For the most efficient workout, utilizing the handle bars can help in engaging your core, and your arms, as you push your shoulders back and workout in an upright position, working your upper body along with your lower body. Not holding onto the handle bars can help work on your lower body to a higher degree as well, while moving your arms in a similar fashion as to when you run. Here you’re working on your balance and activating your core.
3. Lose all the distractions
Sure, listening to music, watching a movie, or even reading a book is the perfect distraction while working out, but as your focus gets diverted, your efficiency during the workout lessens. Therefore, focusing on your workout provides a better and effective workout to be practiced.
4. Improving your posture.
Poor frame and body posture can lead to several bodily pains, especially in your lower back area, and also produces muscular imbalances. It may be tempting to merely grab onto the handrails, keeping your weigh unevenly distributed onto your arms, slouching forward as you work out, but this will not provide you with the benefits that you want to get out of this regime.

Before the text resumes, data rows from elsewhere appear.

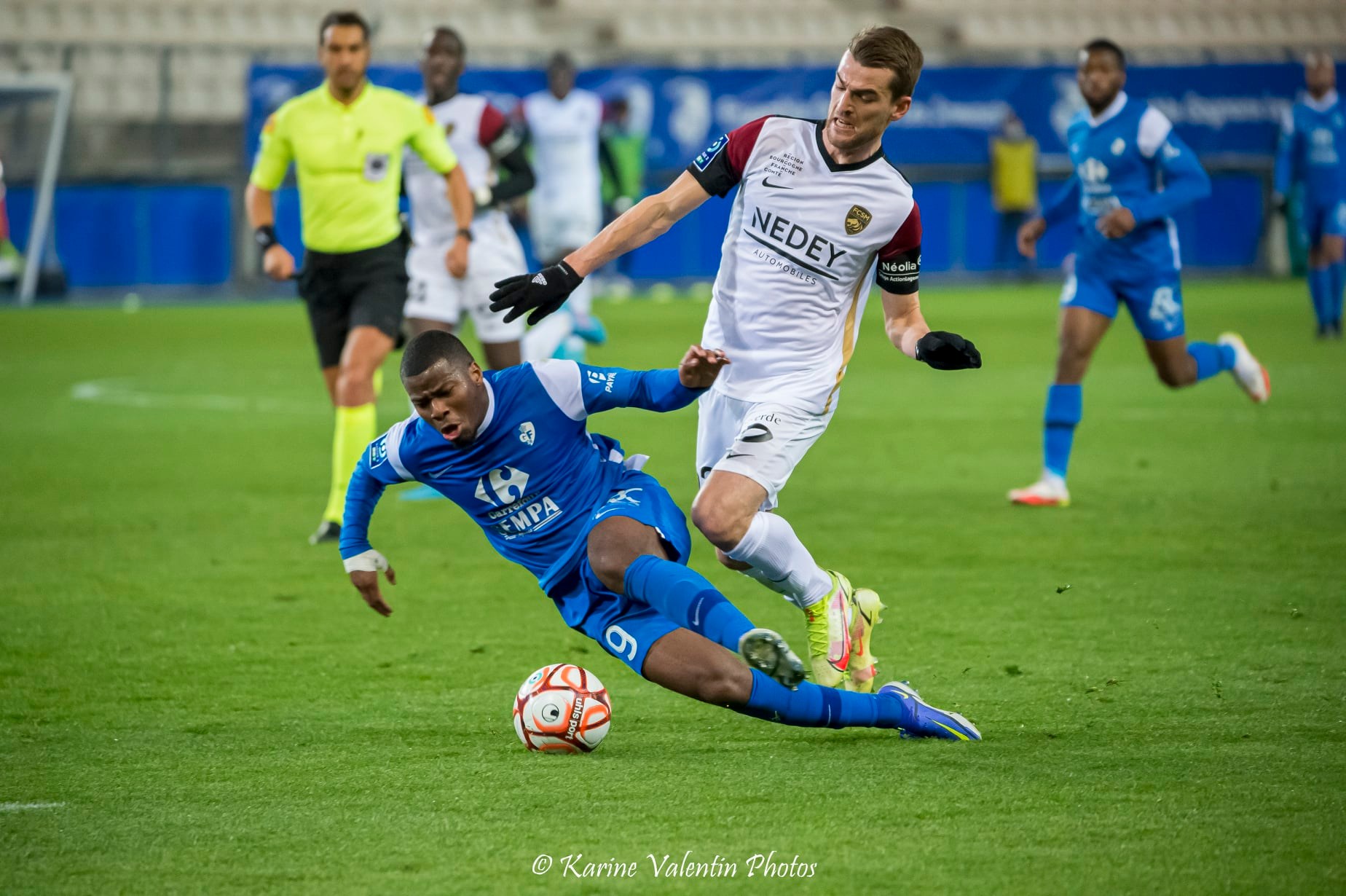  Grenoble Foot 38 - FC Sochaux-Montbéliard - Soccer - Grenoble Vs Sochaux (#GF38vsFCSM2022) Photo by: Karine Valentin | Siuxy Sports 2022-02-12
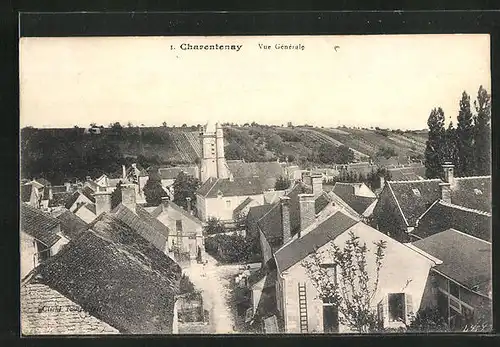 AK Charentenay, Vue Générale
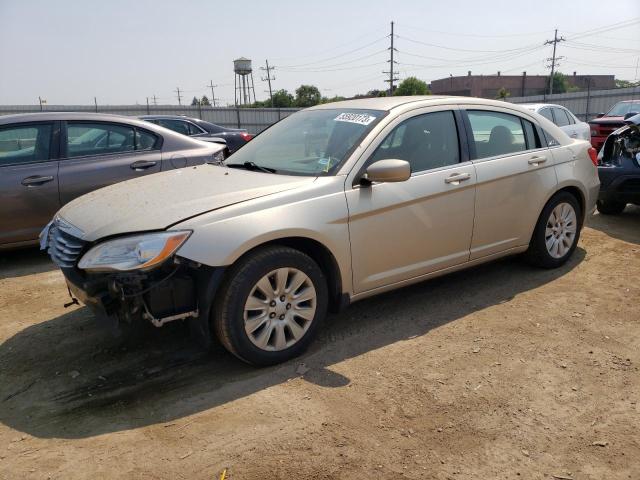 CHRYSLER 200 LX 2014 1c3ccbab4en125145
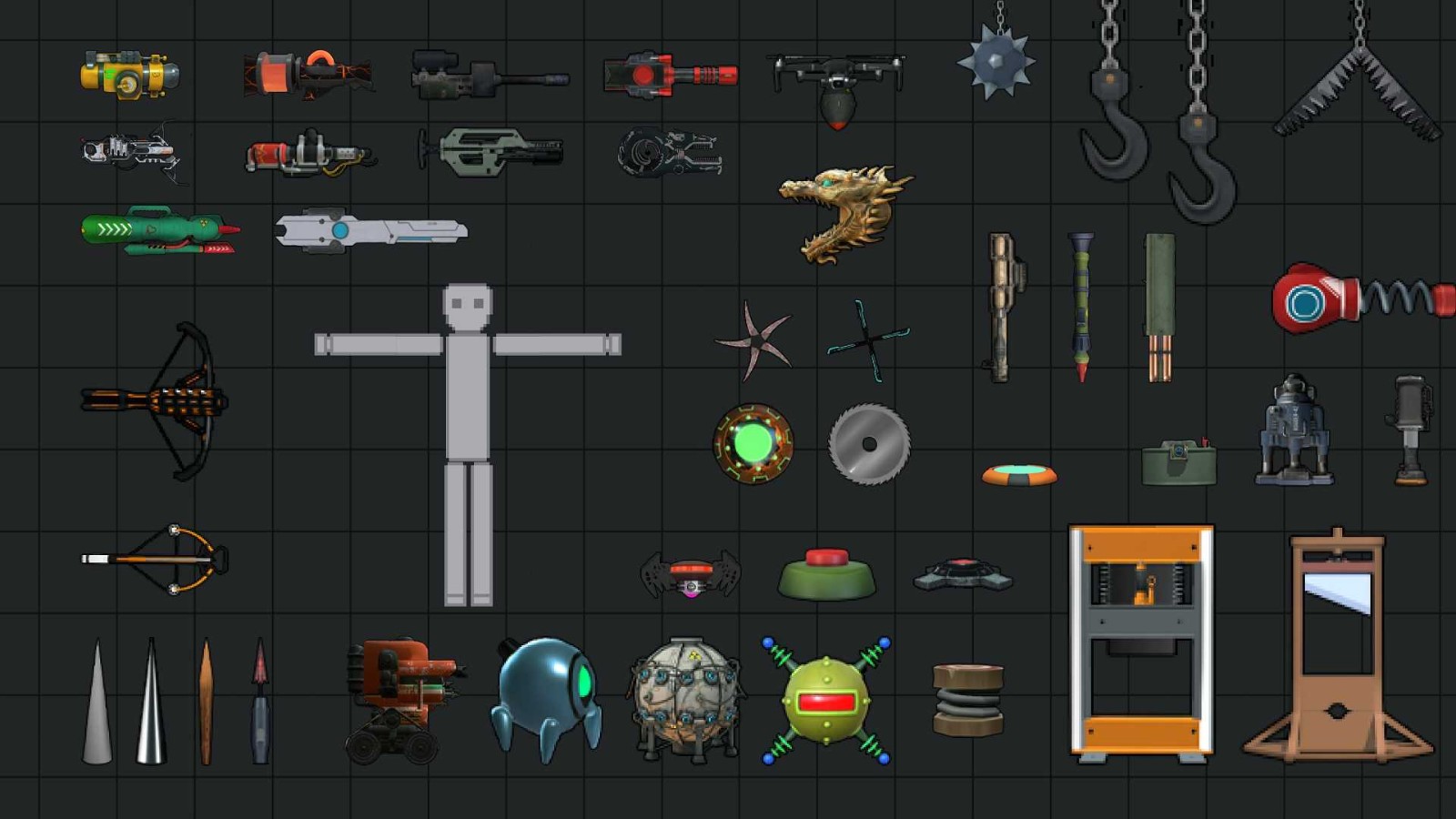 残破游乐场 截图2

5. Vary your workout through the weeks
For maximum benefits, it’s wiser to vary your workouts once in a while, for example, performing interval training will be pretty beneficial as well. The variations help you adapt your muscle groups to changes, while resting the others, and improving certain specific parts of your muscles at different occasions. It even keeps you from getting bored.
Based on what you’d like to focus on working, we’ve included a list of specific workout regimes.
- Cardio: watch your pace, or more technically your strides per minute, a statistic that can be conveniently tracked in the elliptical machine. Most of your workout, especially after the warm-up, should include a SPM between 140 and 160. If you’re practicing interval training through your elliptical machine, make sure to include an SPM above 160.
- Toning your thighs: Your feet placement as well as pressure should be your main focus. Pressing onto your heels more will work your hamstrings as well as your glutes, while pressuring your toes more will improve on your quads. Pedaling in a reverse direction also helps tone your hamstring and glutes.
- Core muscles: letting go of the handle bars, as you move your arms back and forth in a rhythm similar to that of running, your lower body will be pressured more into exercise, and to maintain your balance as well as you tempo, your core muscles will be the main focus.
If you’re short on time generally, due to work, familial or educational commitments, an equal amount of pressure through your upper and lower body can help you get similar results. Full-body workout on the elliptical machine, will help you increase your heart rate quickly, to the calorie burning zone. This will help tone both parts of your body – upper and lower.
To conclude, we have now discussed major changes that you can follow to improve your efficiency while working on the elliptical machine: making the most of it, burning the most calories, and strengthening the muscles as much as working out on the machine will allow.